I thought he did die. It would be really awesome if he is still alive.

His lat insertions were a bit high but he had incredible width AND an amazingly small waist. My girlfriend said he looked like a comic book superhero. His proportions were unreal. If he had fixed a few key weak points and increased his back thickness he might have been a contender.

----------


## juicyr6

> too bad its photoshopped, heres the original


good catch, nonetheless i have nevver seen such a "grainy" back

----------


## J.S.N.

> I thought he did die. It would be really awesome if he is still alive.
> 
> His lat insertions were a bit high but he had incredible width AND an amazingly small waist. My girlfriend said he looked like a comic book superhero. His proportions were unreal. If he had fixed a few key weak points and increased his back thickness he might have been a contender.

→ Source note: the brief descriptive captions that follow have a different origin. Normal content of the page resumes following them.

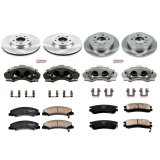Power Stop 06-10 Chevrolet Impala Front & Rear Autospecialty Kit w/Cals (Bundled Kit) thumbnail 2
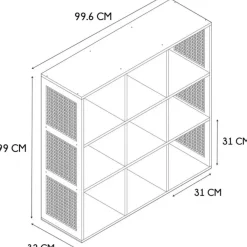 Fabrique de Styles Etagère module 9 cases 99x99.6cm - Baia* Bibliothèques Et Étagères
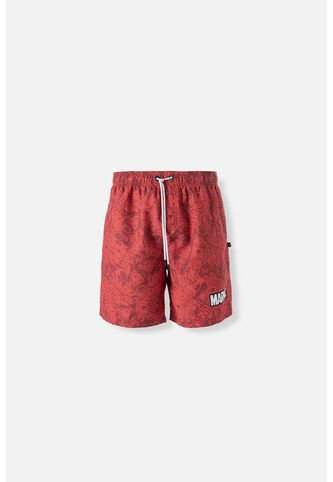 Pantaloneta De Baño De Marvel Roja Para Hombre L Marvel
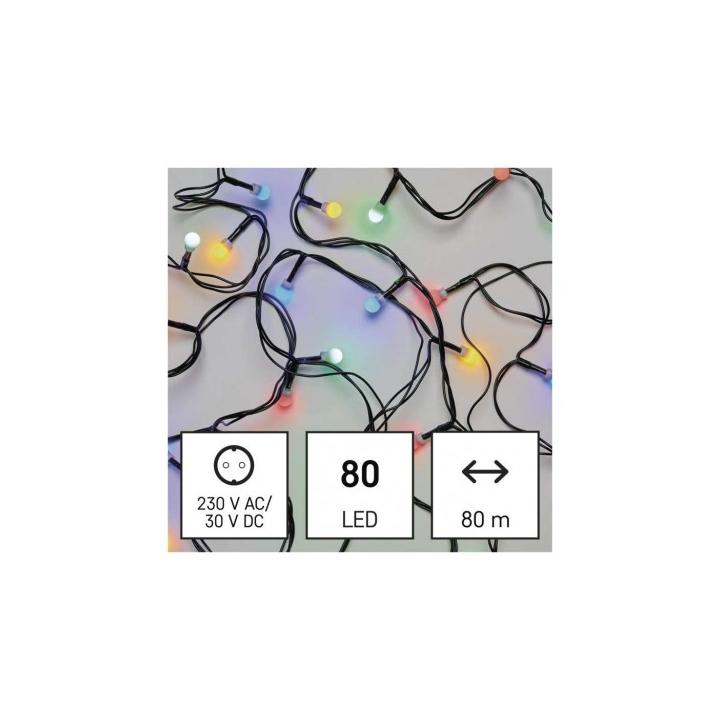 EMOS D5AM02 LED vánoční cherry řetěz – kuličky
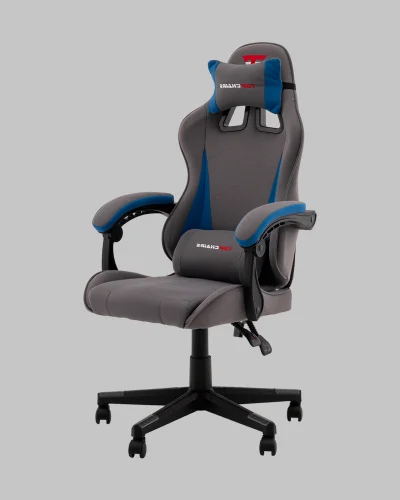 Кресло спортивное TopChairs Phantom, ткань, серо-голубой УТ000039475 Stool Group, серый/текстиль, ножки/полимер/чёрный, размеры - 1170*1270**** фото 3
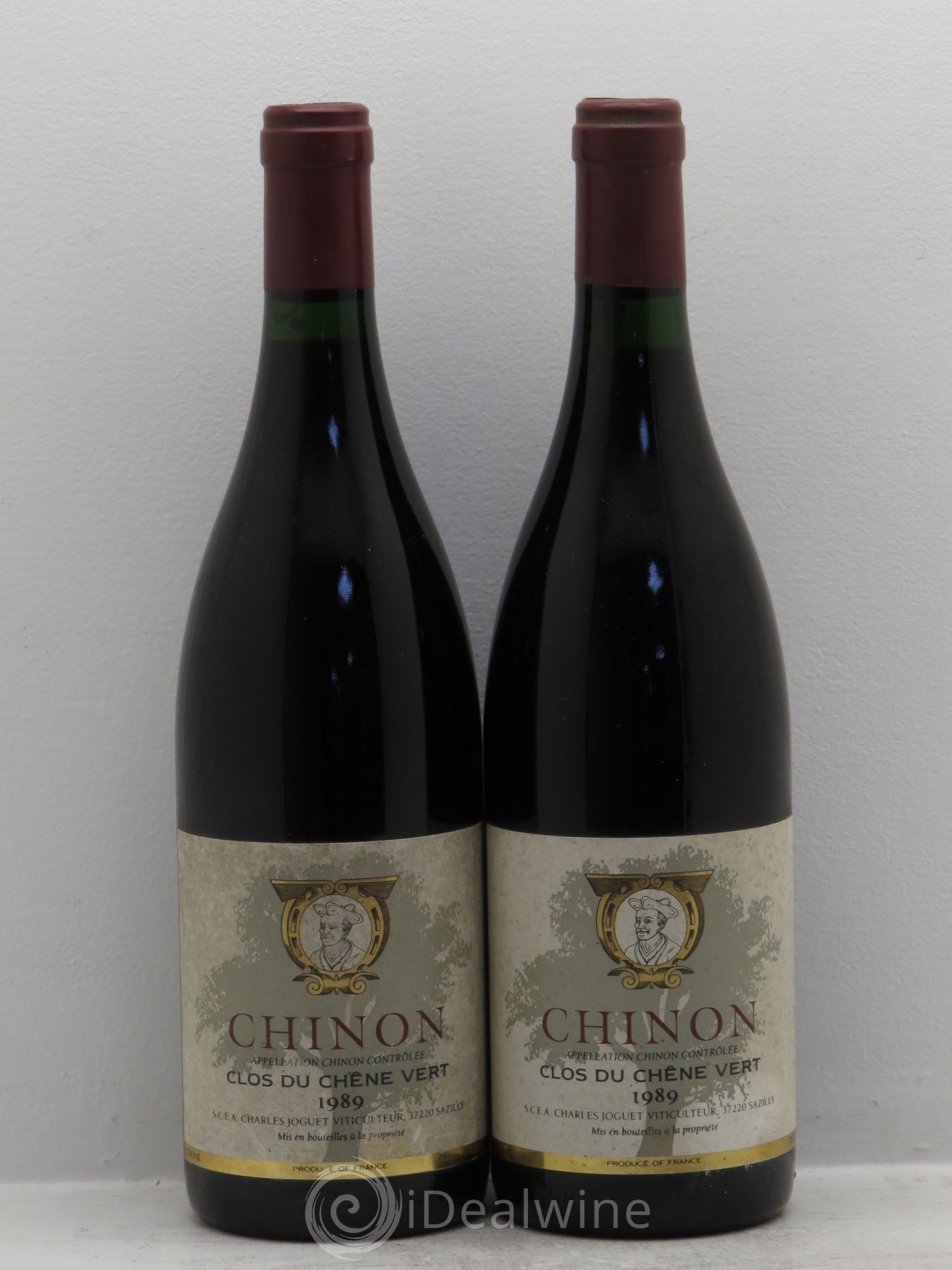 Chinon Clos du Chêne Vert Charles Joguet 1989 - Lot de 2 bouteilles - 0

i remember when i first got his pro card. anyone could tell he had mr. olympia potential. i've seen pics of him lately though, and whatever he's been running (high doeses of gh by the looks of it) has ruined his physique.

----------


## ajonhb1

big ron..."lights out"

----------


## mkv213

What the hell exercise are these guys doing to get that full?

----------


## juicy_brucy

> What do you think of my back???


 You have me beat... Thick, like elevator cables!
Franco Columbu and dorian are my boys for the back! HUGE!!!

----------


## Gorgoroth_

> Of course he is a Brit, from Burmingham, now lives mostly in the states, his big mate Jamo Nazaar usually trains with him, Jamo use to live in London, but now is in the states { muscle beach } he uses all Dorians supplements.
> 
> THERE CAN ONLY BE ONE ! Yates is the lat spread king, no doubt!!!!
> 
> 
> Godspeed



Woah.. woah... I am confused here.. " big mate " ? Does that mean like, best friend.. or is there anymore meaning to that.. ?

----------


## S.P.G

i just wached (ronnies, unbelievable) and (dorian yaets blood and guts) back to back and ronnie, kicks yates ass...HANDS DOWN...

----------


## S.P.G

> what the hell does godspeed mean?
> 
> why does that bother me?


  :LOL:

----------


## captain chet

> What the hell exercise are these guys doing to get that full?


BUMP on that!

----------


## superscience

> too bad its photoshopped, heres the original



still the biggest scariest back ever lol

----------


## keth'naab

we all have our own opinions, but guys, you have to remember a few things

1) IGF-1. Ronnie has it, Dorian didn't
2) Yates actually dieted down. Ronnie is smooth all over his body by comparison. Yates had far tighter definition. A more appropriate comparison would be the Peter McGough-Yates B&W pics in Flex from way back when vs. Ronnie. That is all Ronnie does, he comes to town in the same condition as Yates was in 8 weeks out.

hence the higher weight.

----------


## scriptfactory

> we all have our own opinions, but guys, you have to remember a few things
> 
> 1) IGF-1. Ronnie has it, Dorian didn't
> 2) Yates actually dieted down. Ronnie is smooth all over his body by comparison. Yates had far tighter definition. A more appropriate comparison would be the Peter McGough-Yates B&W pics in Flex from way back when vs. Ronnie. *That is all Ronnie does, he comes to town in the same condition as Yates was in 8 weeks out.*
> 
> hence the higher weight.


Your last sentence instantly rendered all previous and future comments by you void. You have absolutely no idea what you are talking about.

----------


## keth'naab

i'm okay with you thinking that. Take a look at the hardness of Yates vs. the watery look of Ronnie. His chest looks tight, his posterior chain looks tight.

But he is nowhere near as hard or grainy as yates was.

Take a look at the condition of Yates in the B&W pics. Damn close to what ronnie shows up as these days.

not saying ronnie didn't look better at 268, or in 2003 O, he did

i'm talking recently. Ronnie did not gain 30 lbs of mass between 2003 and 2004. You'd have to be a fool to believe that. 

Or not. But I have no idea what I'm talking about, so cool.  :Smilie:

----------


## scriptfactory

> i'm okay with you thinking that. Take a look at the hardness of Yates vs. the watery look of Ronnie. His chest looks tight, his posterior chain looks tight.
> 
> But he is nowhere near as hard or grainy as yates was.
> 
> Take a look at the condition of Yates in the B&W pics. Damn close to what ronnie shows up as these days.
> 
> not saying ronnie didn't look better at 268, or in 2003 O, he did
> 
> i'm talking recently. Ronnie did not gain 30 lbs of mass between 2003 and 2004. You'd have to be a fool to believe that. 
> ...


The difference in looks has nothing to do with conditioning (except for 2004 when he WAS a bit watery.) Ronnie has fuller muscle bellies which give off a rounder appearance due to their superior shape. 2004 would be the only year that I would say that Ronnie had "poor", relatively speaking, conditioning compared to Dorian. That being said, I think we all know there were more than a couple years that Dorian wasn't at the top of his game.

The reason Dorian always looked grainy has a lot to do with the composition of his muscles, not so much his bodyfat percentage. There are many, many bodybuilders that can come to a competition with his same BF% and not look even close to as grainy as him.

----------


## LETSGETNASTYYATES

Yates servs, Ron's is sick, Victor's is on its way (very much on its way).

----------


## Phildude

good stuff

----------